The group said its report, which incorporates just transition objectives and wider ESG considerations, provides an introductory framework for this task.
Transition this decade
In this decade, the key technologies required for the transition to net zero are already available, the paper stated. It is now necessary for mainstream capital to be employed to rapidly scale up renewables while more risk-focused investors back areas such as clean technology and climate technology, hydrogen, battery and storage.
The main opportunities identified for developed markets in the 2020s are this scaling up of renewables, increasing nuclear capacity, hydrogen and carbon capture and storage. There is also the chance for electrifying light vehicles and promoting their adoption among consumers. Developed markets could also be investing in transmission and distribution networks and grid reinforcements and encouraging electrification and energy efficiency measures.

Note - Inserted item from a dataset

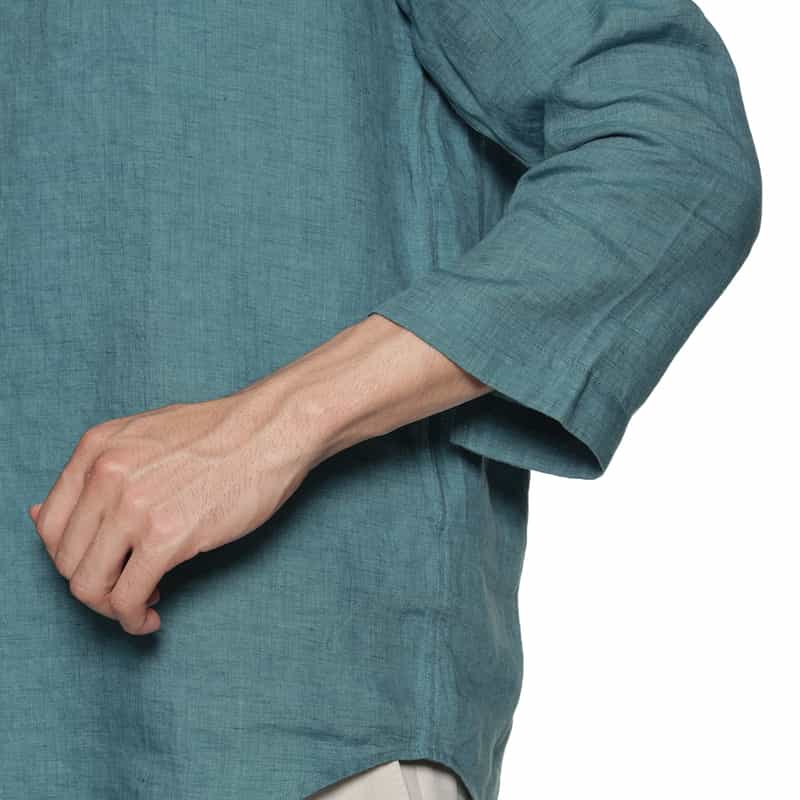 BARNEYS NEW YORK リネン素材カプリシャツ BLUE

Meanwhile, emerging markets have opportunities to roll out decentralised, distributed renewables in remote areas, scale up renewable infrastructure and establish technologies to electrify transport and improve mobility. Where financially viable, the paper stated, emerging markets could also be identifying options for nuclear, geothermal and low-carbon energy sources.
The challenges for this decade centre around global price inflation, energy price rises and affordability crisis as well as high upfront capital investments which are needed to build up infrastructure and increase the capacity of renewables.
Baringa noted in the 2020s there could be political upheaval from economic difficulties which could stall net-zero commitments and there could be resistance in regions which have high fossil fuel dependency.
Finally, the report pointed to the challenge of establishing supply chains around new models in emerging markets with higher risk ratings. It also flagged the potential for a “green bubble” and crowding technology investment into areas aligned with ESG and net zero.
Amid the challenges and opportunities the transition presents, the report suggested investors should consider collaborating with governments, central banks and development banks to promote risk-sharing through blended financial models.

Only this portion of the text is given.